Member of Bihar Legislative Assembly
- In office 2010–2015
- Preceded by: Satish Chandra Dubey
- Succeeded by: Prakash Rai
- Constituency: Chanpatia
- In office 2000–2010
- Preceded by: Ram Prasad Yadav
- Succeeded by: Bhagirathi Devi
- Constituency: Ramnagar
- In office 1990–1995
- Preceded by: Arjun Vikram Shah
- Succeeded by: Ram Prasad Yadav
- Constituency: Ramnagar

Personal details
- Party: Bharatiya Janata Party

= Chandra Mohan Rai =

Indian politician

Chandra Mohan Rai is an Indian politician from Bihar and a member of the Bharatiya Janata Party. He served as a member of the Bihar Legislative Assembly from the Ramnagar Assembly constituency and later from the Chanpatia Assembly constituency. He served as a minister in the Government of Bihar, holding the Health and Public Health Engineering Department portfolios in the Nitish Kumar government between 2005 and 2013.
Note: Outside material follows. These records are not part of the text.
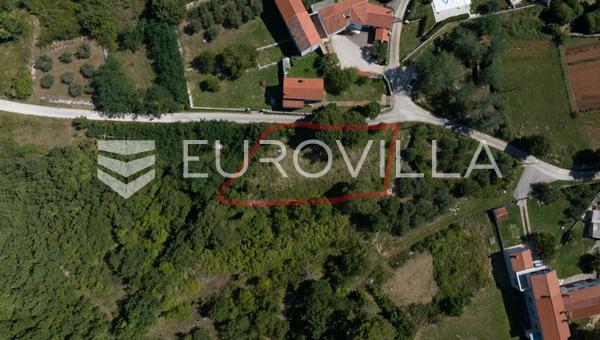 Ístria, Arredores de Poreč - Terreno Edificável com Licença e Projeto de Casa com Piscina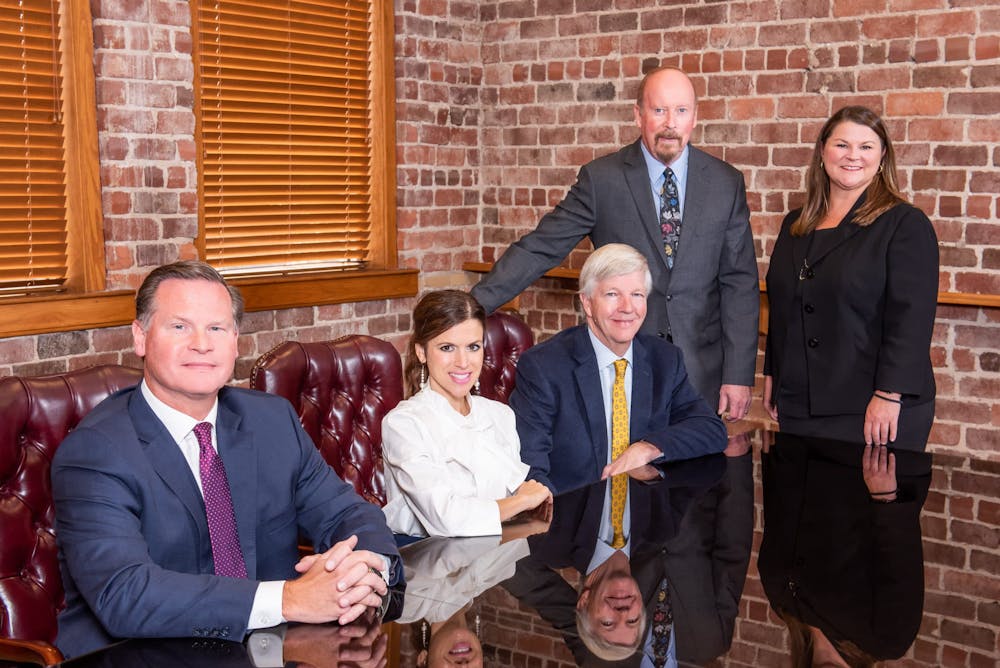 010Heninger_Brochure-scaled-scaled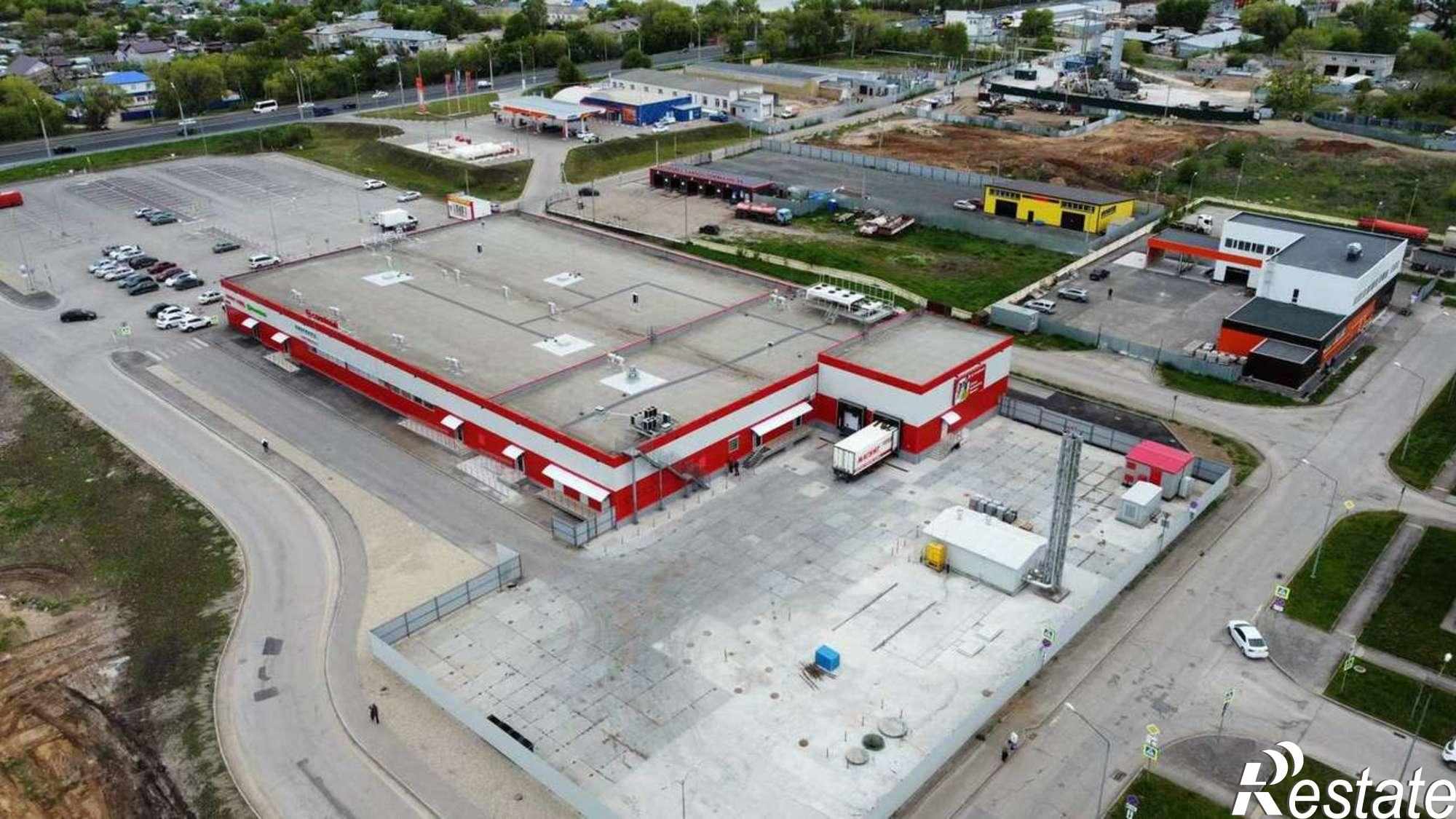 Сдать торговое помещение за 120 000 рублей на изумрудная, 2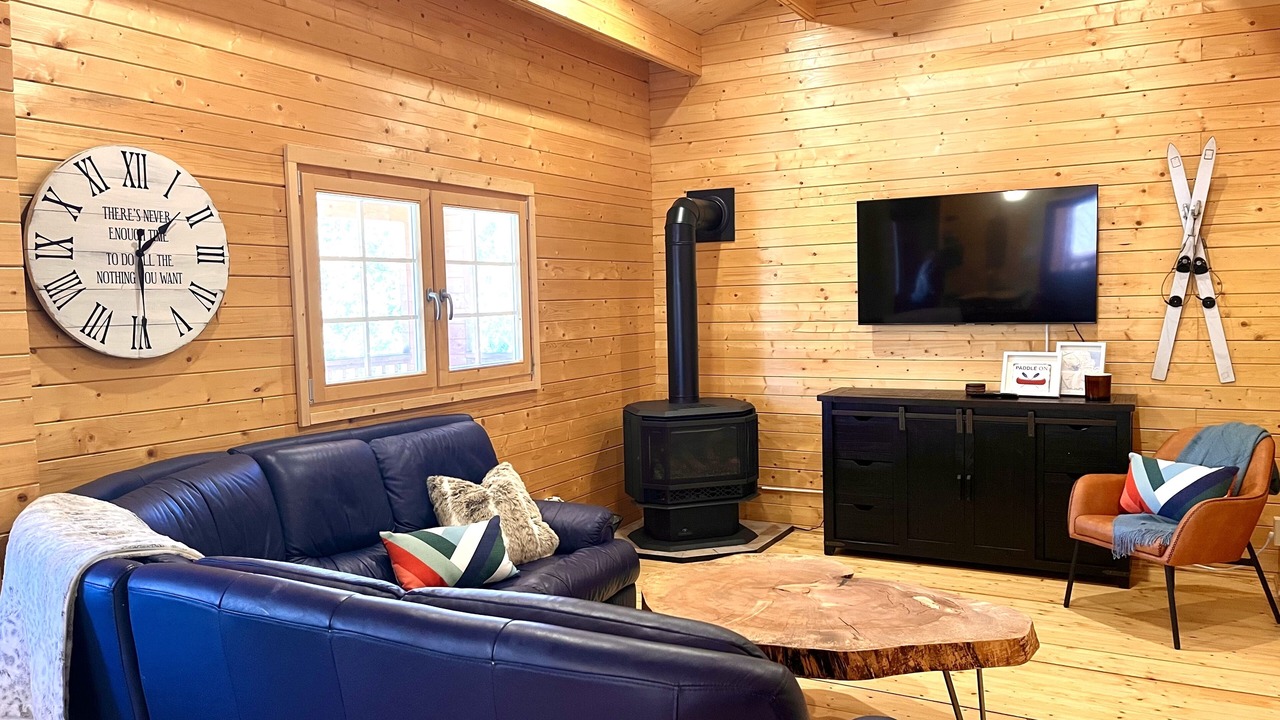 Photo of Livingroom in Huntsville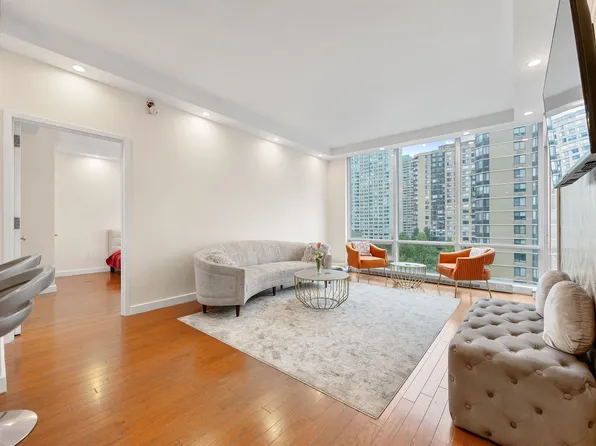 20 Newport Parkway image 3 of 19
Rai contested his first election in 1967 as a Jan Sangh candidate. In 1977, he contested the Ramnagar constituency as a Janata Party candidate but lost to Arjun Vikram Shah. He was elected from Ramnagar as a BJP candidate in 1990. Rai subsequently served as a minister in the Bihar government led by Nitish Kumar. In 2015, he resigned from his positions in the BJP.